### Exercise prompt
Reproduce the data below line by line, from its first line to the line with "sky abstract 064 by jianzhe chon", both included, and nothing past that point.
"""
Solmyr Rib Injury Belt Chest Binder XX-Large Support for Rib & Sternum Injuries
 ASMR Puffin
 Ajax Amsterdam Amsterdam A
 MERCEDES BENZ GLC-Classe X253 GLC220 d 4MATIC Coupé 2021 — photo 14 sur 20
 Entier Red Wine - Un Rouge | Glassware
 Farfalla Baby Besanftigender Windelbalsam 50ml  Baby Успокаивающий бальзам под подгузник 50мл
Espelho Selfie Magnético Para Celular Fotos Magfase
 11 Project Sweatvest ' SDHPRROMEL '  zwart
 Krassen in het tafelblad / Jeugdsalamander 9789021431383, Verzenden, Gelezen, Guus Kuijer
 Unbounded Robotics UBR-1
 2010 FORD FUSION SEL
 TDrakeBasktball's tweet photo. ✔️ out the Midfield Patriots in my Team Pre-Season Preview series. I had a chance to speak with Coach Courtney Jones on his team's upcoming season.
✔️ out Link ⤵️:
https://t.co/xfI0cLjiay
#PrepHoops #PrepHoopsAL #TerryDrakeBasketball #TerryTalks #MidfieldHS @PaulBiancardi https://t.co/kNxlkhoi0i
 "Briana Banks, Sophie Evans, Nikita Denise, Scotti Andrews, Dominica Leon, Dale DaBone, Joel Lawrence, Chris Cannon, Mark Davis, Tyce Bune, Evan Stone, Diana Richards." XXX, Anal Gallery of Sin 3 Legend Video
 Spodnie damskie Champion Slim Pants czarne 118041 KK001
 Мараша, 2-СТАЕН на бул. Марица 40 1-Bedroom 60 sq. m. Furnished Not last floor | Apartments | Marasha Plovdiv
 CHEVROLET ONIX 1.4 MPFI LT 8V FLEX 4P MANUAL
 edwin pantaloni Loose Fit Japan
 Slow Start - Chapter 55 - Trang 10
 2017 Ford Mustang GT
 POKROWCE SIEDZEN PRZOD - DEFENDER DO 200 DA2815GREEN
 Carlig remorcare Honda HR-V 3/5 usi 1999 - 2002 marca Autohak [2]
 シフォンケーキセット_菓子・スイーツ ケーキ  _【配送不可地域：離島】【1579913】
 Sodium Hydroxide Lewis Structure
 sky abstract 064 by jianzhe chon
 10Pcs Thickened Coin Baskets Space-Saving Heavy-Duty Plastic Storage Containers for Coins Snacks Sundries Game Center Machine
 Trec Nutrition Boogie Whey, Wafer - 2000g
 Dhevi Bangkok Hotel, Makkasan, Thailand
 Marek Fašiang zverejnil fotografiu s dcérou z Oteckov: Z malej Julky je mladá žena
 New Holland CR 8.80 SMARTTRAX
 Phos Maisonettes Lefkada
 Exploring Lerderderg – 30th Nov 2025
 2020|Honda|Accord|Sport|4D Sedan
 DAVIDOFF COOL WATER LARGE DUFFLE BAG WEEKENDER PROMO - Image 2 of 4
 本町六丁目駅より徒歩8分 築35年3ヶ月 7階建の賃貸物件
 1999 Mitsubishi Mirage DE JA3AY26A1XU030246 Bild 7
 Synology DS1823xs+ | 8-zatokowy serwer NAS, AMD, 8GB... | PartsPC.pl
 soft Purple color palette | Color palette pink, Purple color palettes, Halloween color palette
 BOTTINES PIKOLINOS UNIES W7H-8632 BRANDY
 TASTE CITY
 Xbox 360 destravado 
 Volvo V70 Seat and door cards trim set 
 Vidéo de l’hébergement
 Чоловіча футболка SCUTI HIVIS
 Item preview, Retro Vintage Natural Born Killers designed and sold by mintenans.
"""
### Result of this exercise
Solmyr Rib Injury Belt Chest Binder XX-Large Support for Rib & Sternum Injuries
 ASMR Puffin
 Ajax Amsterdam Amsterdam A
 MERCEDES BENZ GLC-Classe X253 GLC220 d 4MATIC Coupé 2021 — photo 14 sur 20
 Entier Red Wine - Un Rouge | Glassware
 Farfalla Baby Besanftigender Windelbalsam 50ml  Baby Успокаивающий бальзам под подгузник 50мл
Espelho Selfie Magnético Para Celular Fotos Magfase
 11 Project Sweatvest ' SDHPRROMEL '  zwart
 Krassen in het tafelblad / Jeugdsalamander 9789021431383, Verzenden, Gelezen, Guus Kuijer
 Unbounded Robotics UBR-1
 2010 FORD FUSION SEL
 TDrakeBasktball's tweet photo. ✔️ out the Midfield Patriots in my Team Pre-Season Preview series. I had a chance to speak with Coach Courtney Jones on his team's upcoming season.
✔️ out Link ⤵️:
https://t.co/xfI0cLjiay
#PrepHoops #PrepHoopsAL #TerryDrakeBasketball #TerryTalks #MidfieldHS @PaulBiancardi https://t.co/kNxlkhoi0i
 "Briana Banks, Sophie Evans, Nikita Denise, Scotti Andrews, Dominica Leon, Dale DaBone, Joel Lawrence, Chris Cannon, Mark Davis, Tyce Bune, Evan Stone, Diana Richards." XXX, Anal Gallery of Sin 3 Legend Video
 Spodnie damskie Champion Slim Pants czarne 118041 KK001
 Мараша, 2-СТАЕН на бул. Марица 40 1-Bedroom 60 sq. m. Furnished Not last floor | Apartments | Marasha Plovdiv
 CHEVROLET ONIX 1.4 MPFI LT 8V FLEX 4P MANUAL
 edwin pantaloni Loose Fit Japan
 Slow Start - Chapter 55 - Trang 10
 2017 Ford Mustang GT
 POKROWCE SIEDZEN PRZOD - DEFENDER DO 200 DA2815GREEN
 Carlig remorcare Honda HR-V 3/5 usi 1999 - 2002 marca Autohak [2]
 シフォンケーキセット_菓子・スイーツ ケーキ  _【配送不可地域：離島】【1579913】
 Sodium Hydroxide Lewis Structure
 sky abstract 064 by jianzhe chon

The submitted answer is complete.